The input ▸
┄┄┄┄┄┄┄┄┄┄

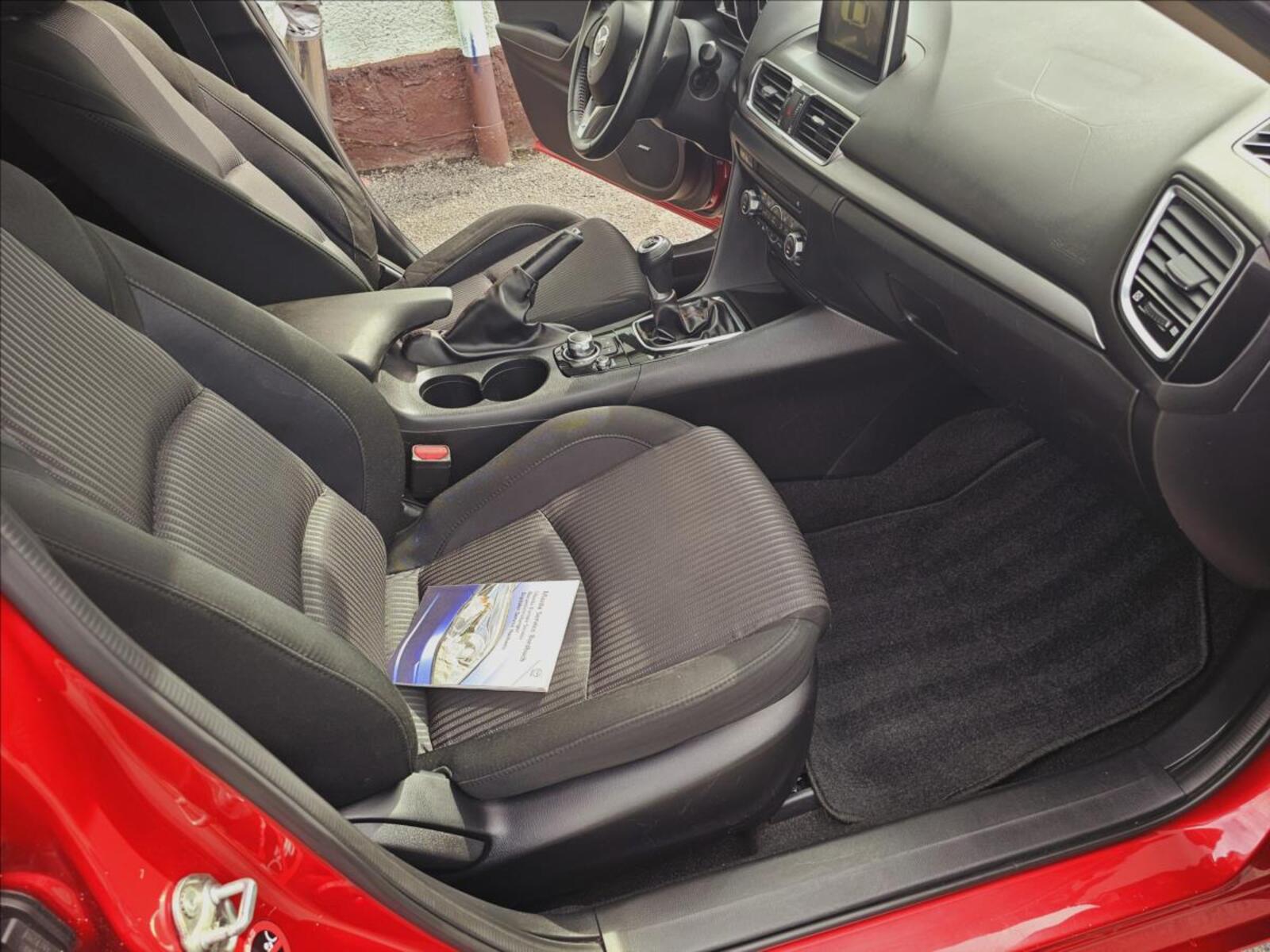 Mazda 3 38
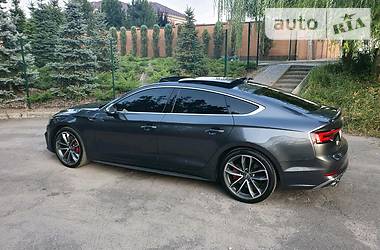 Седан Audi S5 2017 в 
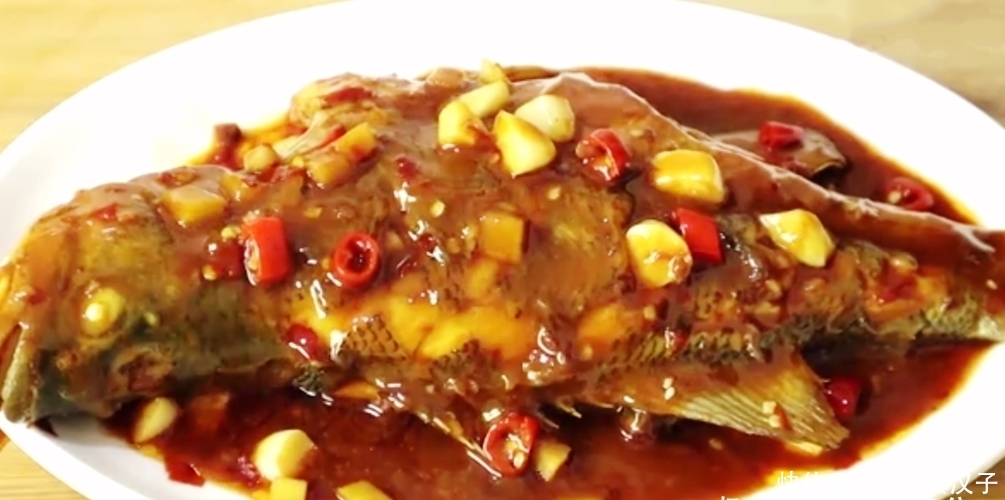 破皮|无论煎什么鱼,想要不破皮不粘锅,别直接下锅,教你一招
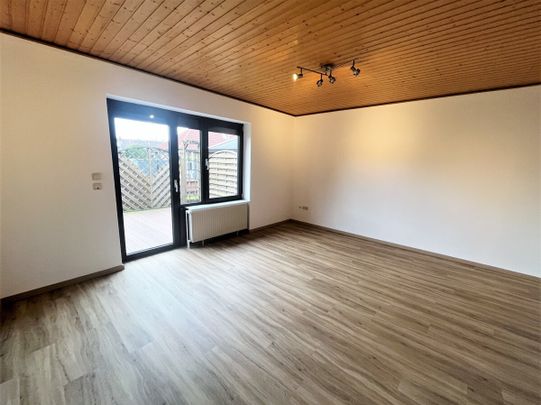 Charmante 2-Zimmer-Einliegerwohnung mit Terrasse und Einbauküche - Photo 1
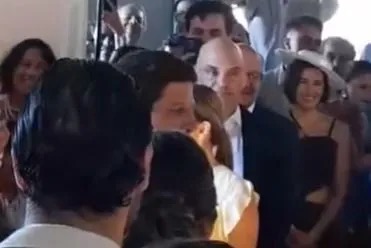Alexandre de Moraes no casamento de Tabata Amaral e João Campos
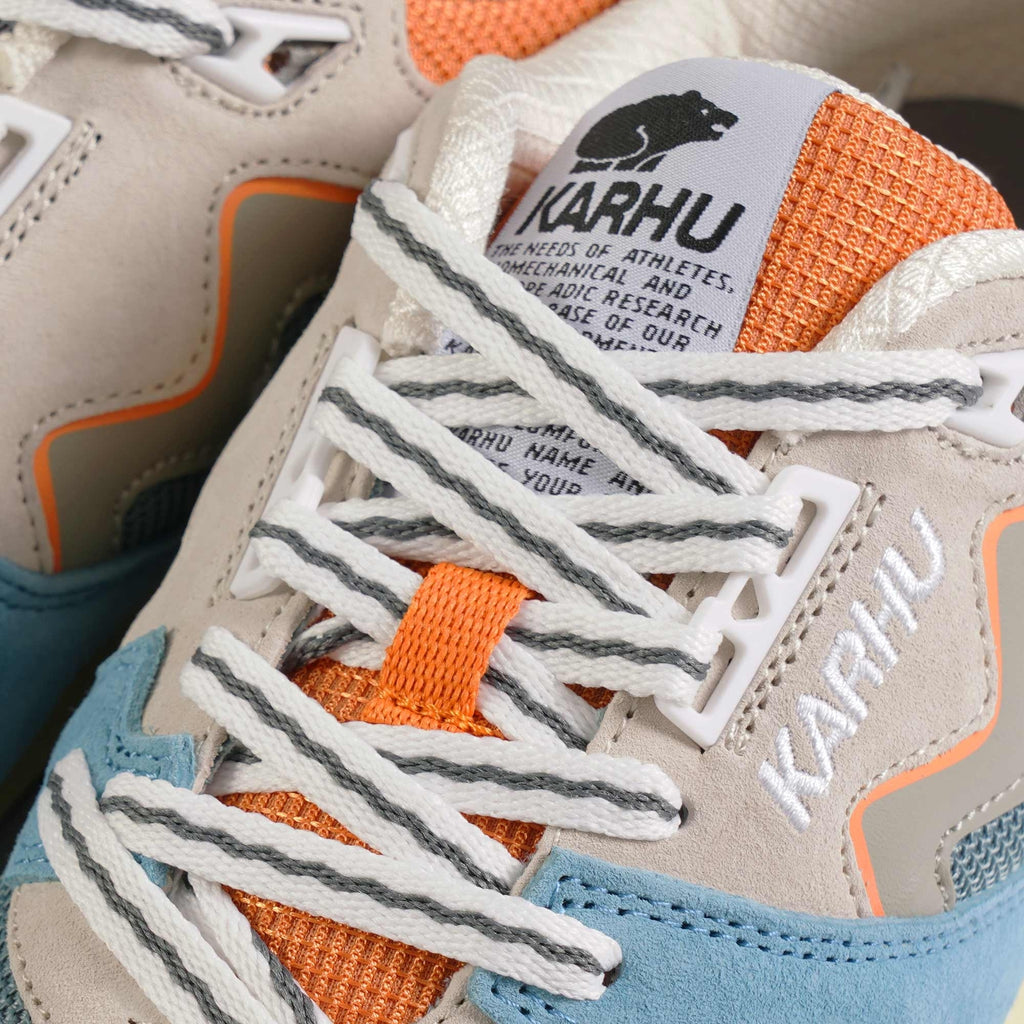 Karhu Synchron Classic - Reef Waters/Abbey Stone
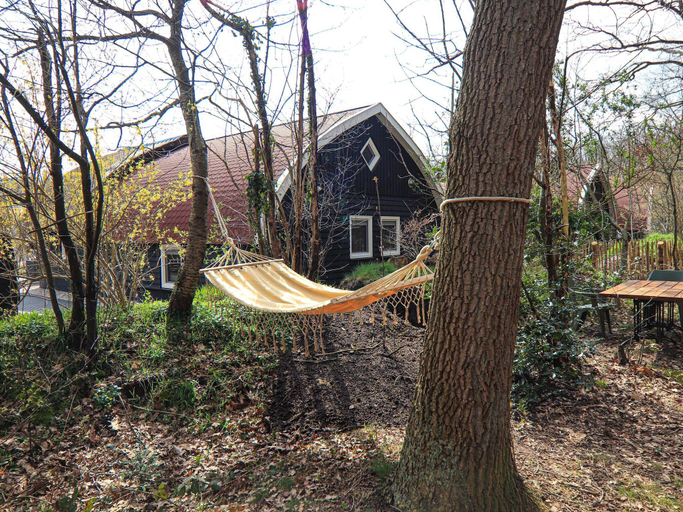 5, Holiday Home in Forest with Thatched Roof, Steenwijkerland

┄┄┄┄┄┄┄┄┄┄

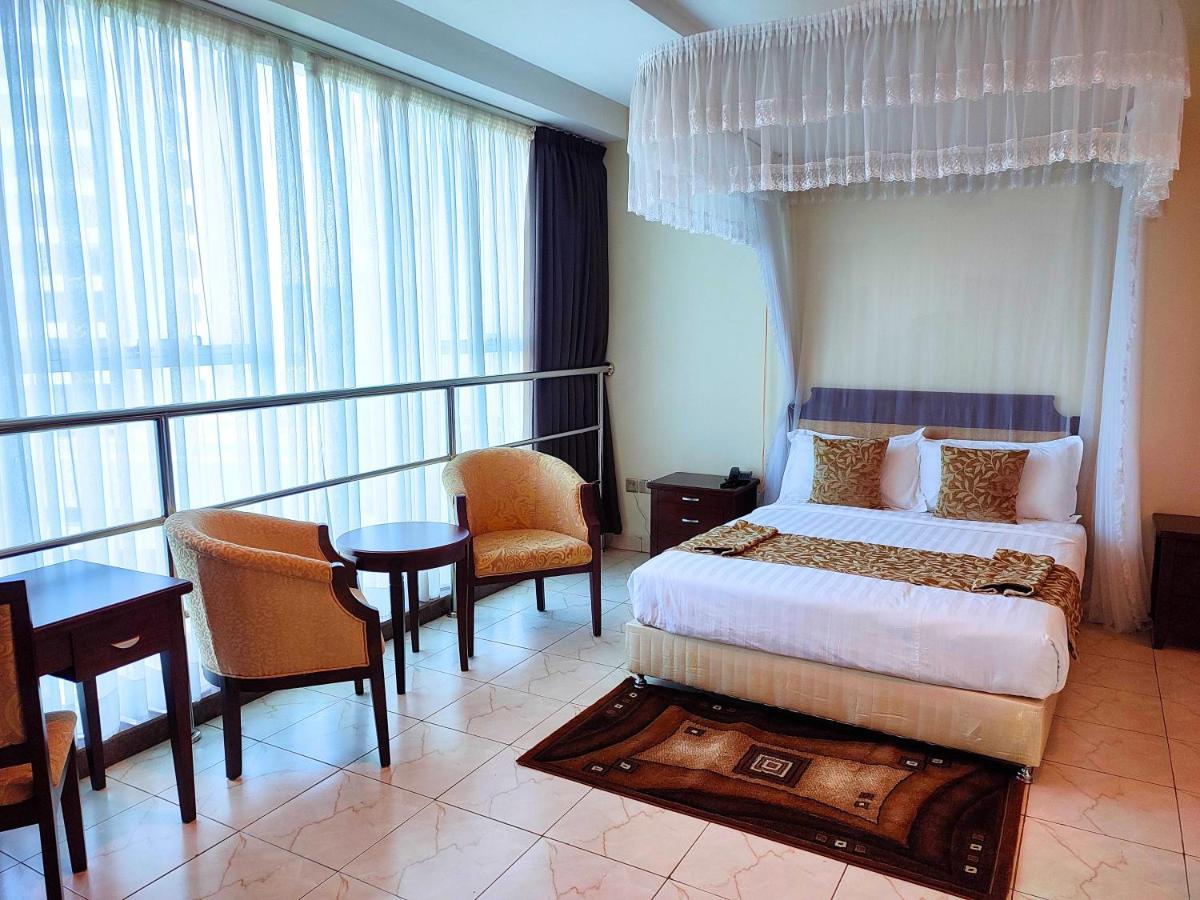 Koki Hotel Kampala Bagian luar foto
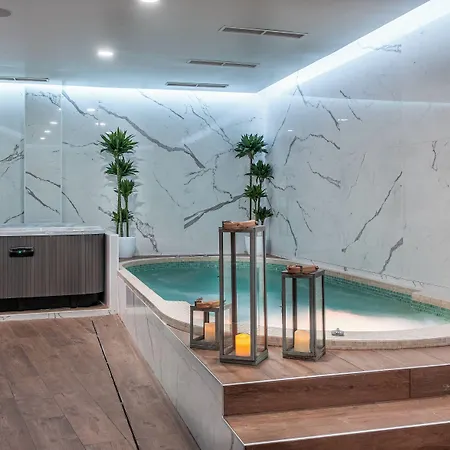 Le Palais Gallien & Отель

┄┄┄┄┄┄┄┄┄┄

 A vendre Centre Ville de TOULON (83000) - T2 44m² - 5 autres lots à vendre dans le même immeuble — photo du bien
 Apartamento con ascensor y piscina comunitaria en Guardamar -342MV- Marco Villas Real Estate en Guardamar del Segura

┄┄┄┄┄┄┄┄┄┄

Your goal ▸
Copy word for word the span of the records above that begins at the line with "Alexandre de Moraes" and ends at the line with "5, Holiday Home", including those two lines but not the pictures.

Exercise output ▸
Alexandre de Moraes no casamento de Tabata Amaral e João Campos
 Karhu Synchron Classic - Reef Waters/Abbey Stone
 5, Holiday Home in Forest with Thatched Roof, Steenwijkerland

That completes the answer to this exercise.